One common use of life insurance is for estate planning purposes. This involves using the death benefit from a life insurance policy to help pay for expenses related to one’s death, such as providing liquidity to pay estate taxes.
Life insurance premium financing is a strategy that uses life insurance as collateral for a loan. The loan proceeds are then used to pay the life insurance premiums. This allows the policyholder to leverage the death benefit of the policy to create a larger estate or make charitable gifts, while still maintaining control of the policy during their lifetime.
There are a few different ways that life insurance premium financing can be structured. One common method is to borrow the premium from a third-party lender specializing in premium financing life insurance. The borrowed premium is then used to pay the premiums on the policy, and the death benefit will be paid out to the beneficiaries when the policyholder dies.
Oftentimes, a premium financed life insurance policy will be owned by an irrevocable life insurance trust or ILIT. The ILIT will be both the owner and beneficiary of the policy. Using an ILIT keeps the death benefit from being includable in the overall value of the insured’s estate.
The insured is able to name the beneficiaries of the irrevocable life insurance trust to make sure the policy death benefit is distributed to their heirs in an appropriate manner.
There are a few things to keep in mind if you’re considering using life insurance premium financing for estate planning purposes. First, it’s important to make sure that the life insurance policy is properly structured so that the death benefit will go to the intended beneficiaries.
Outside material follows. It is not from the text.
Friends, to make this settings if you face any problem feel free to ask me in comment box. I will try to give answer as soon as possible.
Second, you’ll need to make sure that the loan repayments are made on time; if not, the loan could end up being more expensive than it’s worth.
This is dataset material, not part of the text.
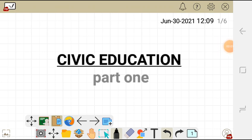Hello, in this video I'm going to talk about civic education — an introduction to civic education. This is the first part of the video; if you want to know more, please watch the second part. We are going to define what civic education is and explain its importance.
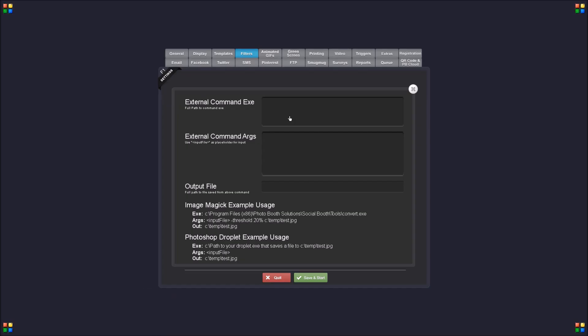So when I go into Social Booth, you can see I have the external command. So I've saved my droplet to C users Mike desktop and I call it sketch.exe.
It is also important to make loan interest payments to the lender. Otherwise, the loan will go into default and the lender can call the loan. This will typically result in the policy lapsing leaving the insured without any life insurance coverage.
Life insurance premium financing can be an effective way to create a legacy or make significant gifts, without depleting other assets. However, it is important to work with a qualified financial professional to ensure that the loan is structured properly and that the life insurance policy is adequate to cover the costs of the loan.
Overall, using life insurance premium financing for estate planning can be a helpful way to provide for your loved ones after you’re gone. When properly structured it can be a great way to provide immediate liquidity upon the passing of the insured or insureds.